● WHAT YOU NEED TO DO
Restate the listing below word for word, pictures excluded.
........
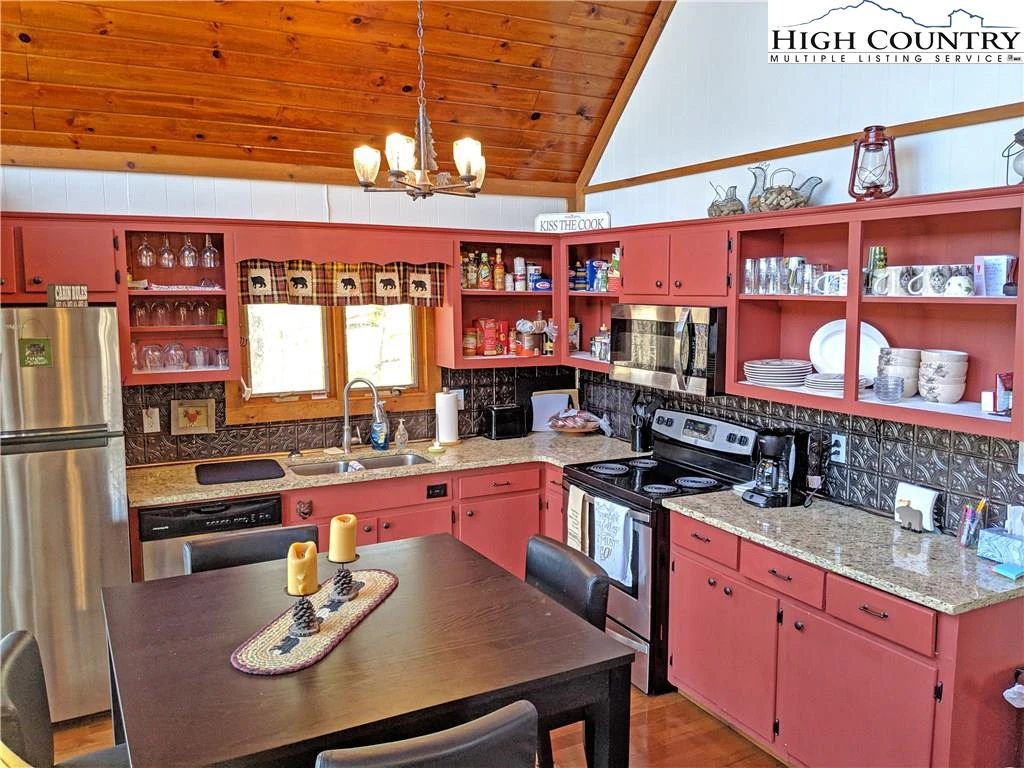 Image number 18 for the current listing
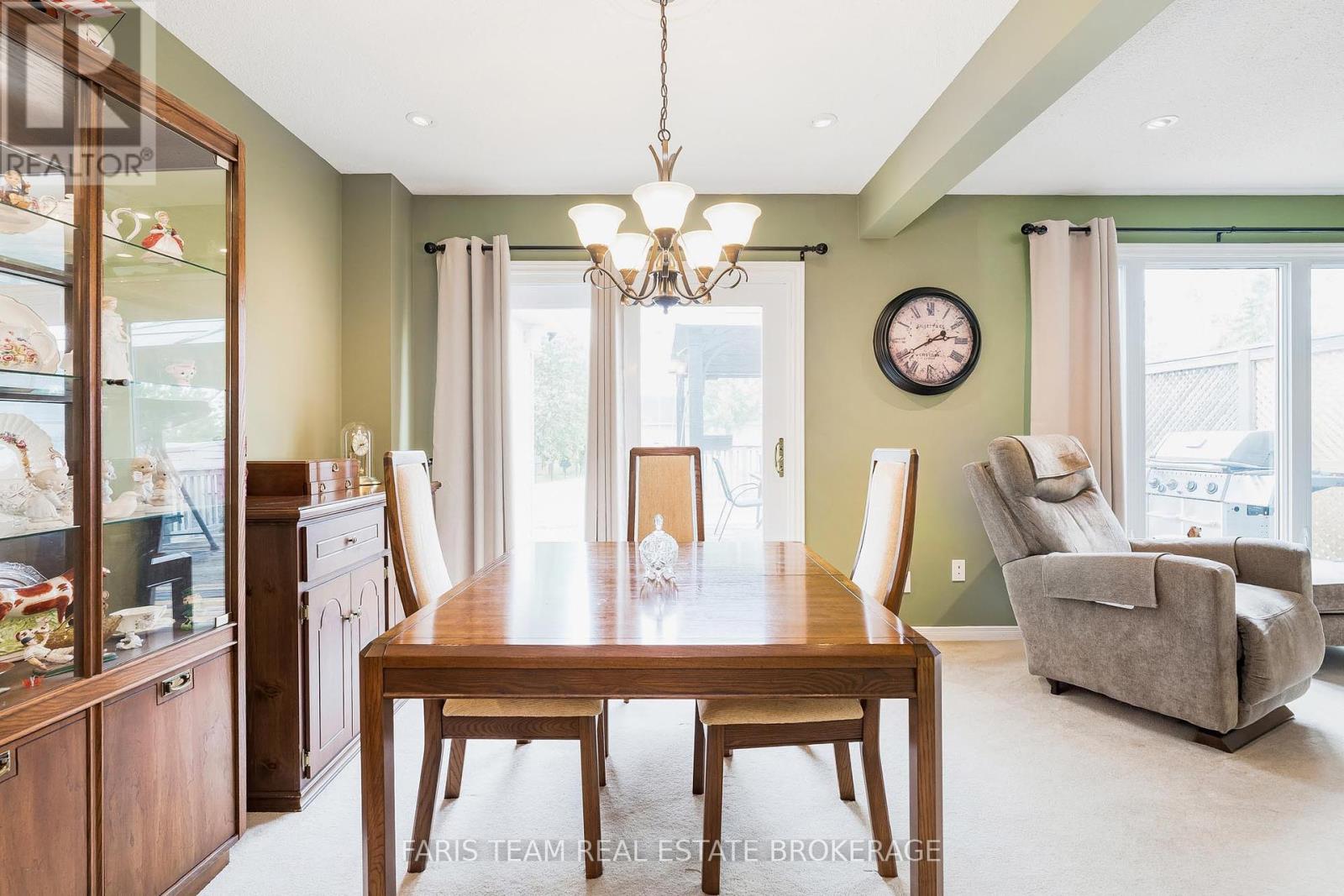 2275 Webb Street, Innisfil, Ontario  L9S 1K6 - Photo 9 - N12398268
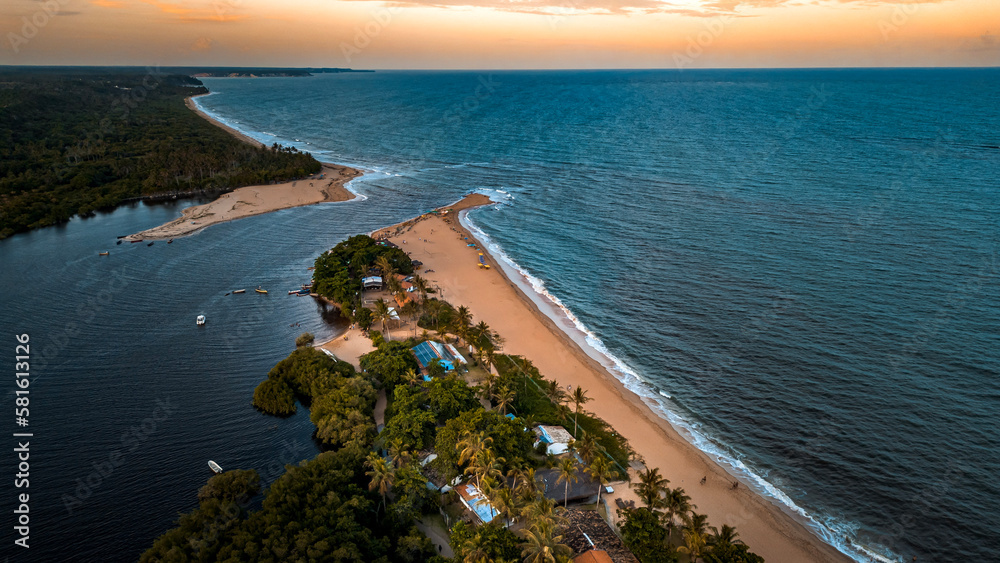 Tropical Caraíva Bahia Paisagem Natureza  Paraíso Turístico Vilarejo Férias Verão Praia Satu Rio Mar Comunidade Litorânea Ribeirinha Porto Seguro Costa Descobrimento APA Trancoso Monte Pascoal Igreja - obrazy, fototapety, plakaty 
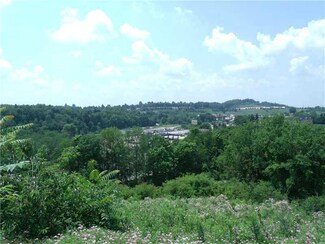 51 Mark Dr, Delmont, PA 15626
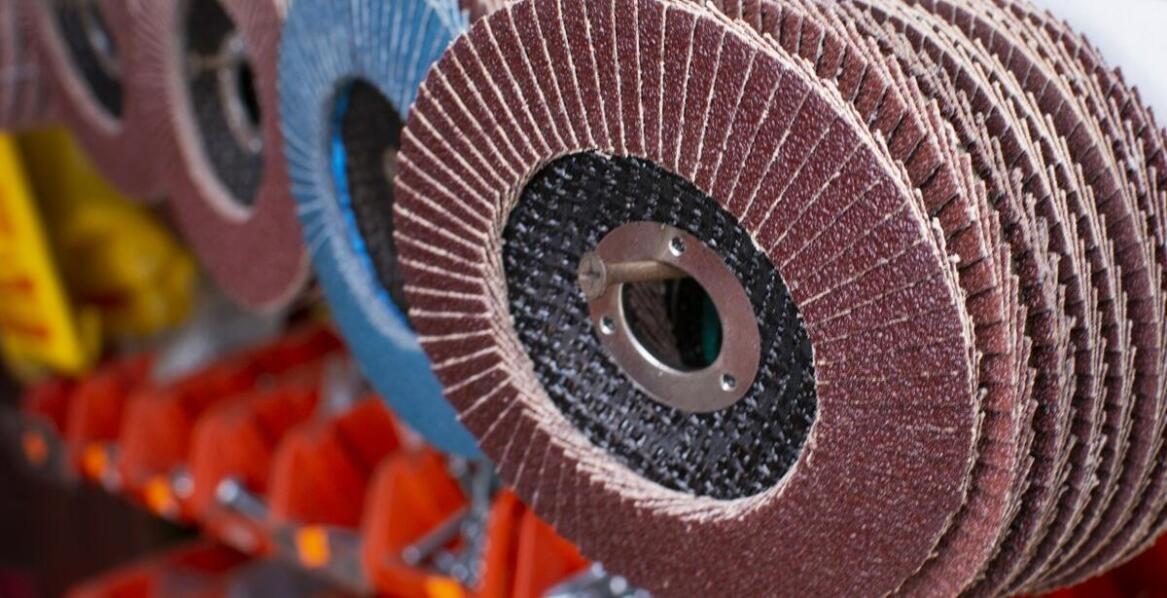 Kluczowe aspekty wyboru ściernych narzędzi do obróbki nierdzewnej stali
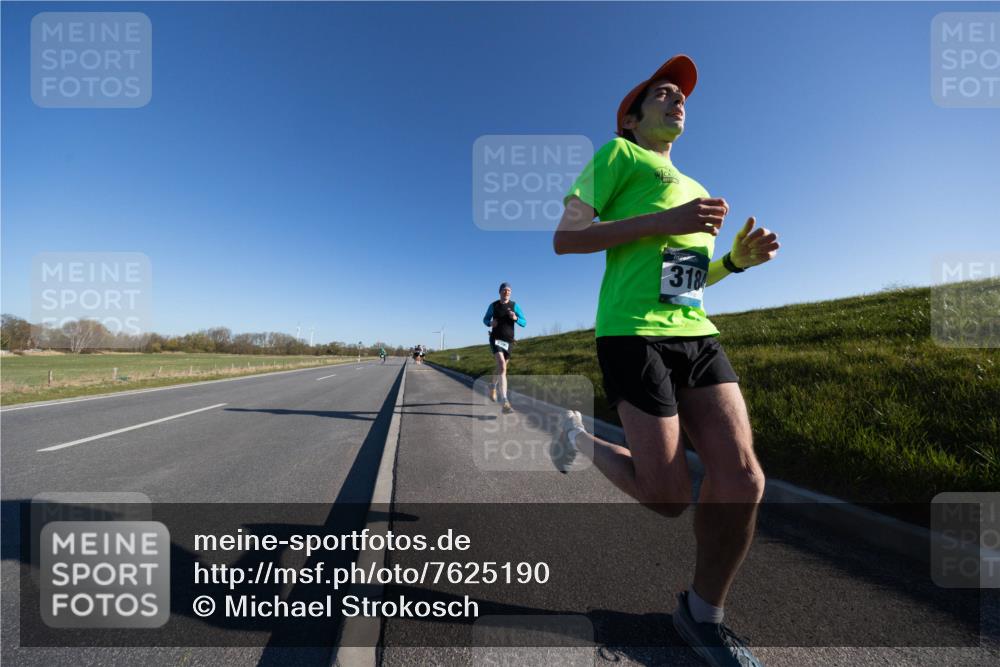 06.04.2025 - 44. Internationalen Wilhelmsburger Insellauf Michael Strokosch http://msf.ph/oto/7625190 06.04.2025 09:17:10 Laufen 3184 meine-sportfotos.de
........
● WRITTEN ANSWER
 Image number 18 for the current listing
 2275 Webb Street, Innisfil, Ontario  L9S 1K6 - Photo 9 - N12398268
 Tropical Caraíva Bahia Paisagem Natureza  Paraíso Turístico Vilarejo Férias Verão Praia Satu Rio Mar Comunidade Litorânea Ribeirinha Porto Seguro Costa Descobrimento APA Trancoso Monte Pascoal Igreja - obrazy, fototapety, plakaty 
 51 Mark Dr, Delmont, PA 15626
 Kluczowe aspekty wyboru ściernych narzędzi do obróbki nierdzewnej stali
 06.04.2025 - 44. Internationalen Wilhelmsburger Insellauf Michael Strokosch http://msf.ph/oto/7625190 06.04.2025 09:17:10 Laufen 3184 meine-sportfotos.de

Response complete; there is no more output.